Como os supracitados diretores, Nagata realiza um filme puramente de montagem, em que acompanhamos sua investigação forense "ao vivo" na mesa de edição (é claro, preparada com uma pesquisa e um roteiro pré-estabelecido) por meio de um díptico que, como no método Kuleshov, vai adicionando novos sentidos às imagens originais. Como os caçadores no safari, que se deparam com animais exóticos que saltam subitamente à frente do carro, a diretora-montadora dá "de cara" com uma contra-história que vai lentamente surgindo nas entrelinhas e arestas das imagens. Com ajuda de ferramentas de reconhecimento facial, do Google, do Youtube e da Wikipedia, ao ralentar e observar frame a frame as imagens, ela descobre camadas subterrâneas de sentido que vão emergindo desse suposto inocente arquivo amador, a princípio inadvertido em uma primeira visada.
O que parece apenas um registro frugal de uma família viajando a turismo na África passa a revelar o racismo e a história da África do Sul que subjazem àquelas imagens. Uma bucólica cena na praia revela-se um espaço segregacionista que, somente em uma segunda vez, percebemos estar repleta apenas de corpos brancos. Vamos gradualmente sendo conduzidos a perceber que aquela família feliz é parte de uma elite supremacista, com conexões inclusive com o primeiro-ministro Hendrik Frensch Verwoerd, o famigerado arquiteto do apartheid. A pequena criança loura e as belas mulheres sorridentes passam então, ao fim do filme, a nos dar arrepios e nos parecem figuras diabólicas. Esse primoroso trabalho de arquivo e pesquisa só não é mais potente devido a uma lentidão e um didatismo da montagem, preocupada, talvez, com uma "correta" leitura do espectador.
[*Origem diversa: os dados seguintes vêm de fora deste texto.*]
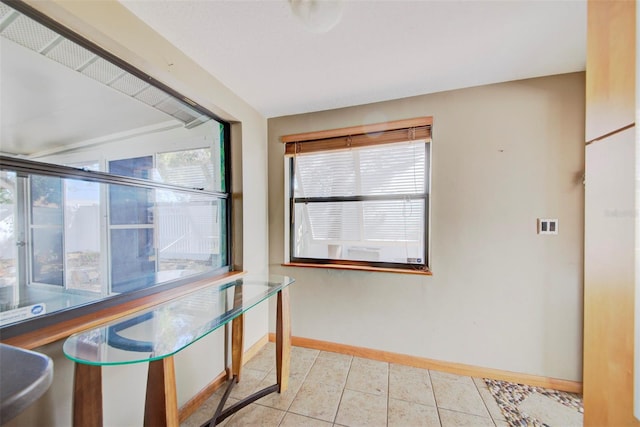 interior space with plenty of natural light and light tile patterned floors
Assim como o filme de Nagata, o longa de estreia de Amanda Devulsky (coincidentemente, outra candanga também na Competitiva Internacional), Vermelho bruto (Brasil, 205 min, 2022), pretende, a partir do microcosmo, revelar o macrocosmo no qual, em tese, seria possível vislumbrar, nas histórias de pessoas comuns, a história do país. O filme, também de montagem, é composto exclusivamente de arquivo doméstico de quatro mulheres do Distrito Federal que se tornaram mães ainda adolescentes no período da redemocratização. Com a premissa de ser um filme experimental sem fio condutor linear ou cronológico – ao estilo de Jonas Mekas –, as histórias narradas em primeira pessoa vão se misturando, até chegarmos a 2018, ano da eleição de Jair Bolsonaro.
Temas como o direito ao aborto, a falta de educação sexual, o abandono parental, a violência doméstica e a violência política permeiam os relatos dessas mulheres de diferentes classes sociais, que lutam cotidianamente (às vezes sem nem se darem conta) contra a descriminação de gênero. Intui-se o argumento da diretora: é o machismo atávico da sociedade brasileira que culmina nas eleições da extrema direita no país. Apesar das riqueza das histórias e da abordagem ousada na linguagem, o filme se sobressai pelo excesso. Uma escolha mais minuciosa do material permitiria o espectador deambular com mais gosto nos fluxos da memória, que por vezes se tornam arrastados sem justificativa estética. O arquivo pode falar mais no encontro silencioso das imagens. Isso, no entanto, não impediu que o filme fosse premiado, tendo recebido Menção Especial do Grande Prémio de Longa-Metragem Cidade de Lisboa.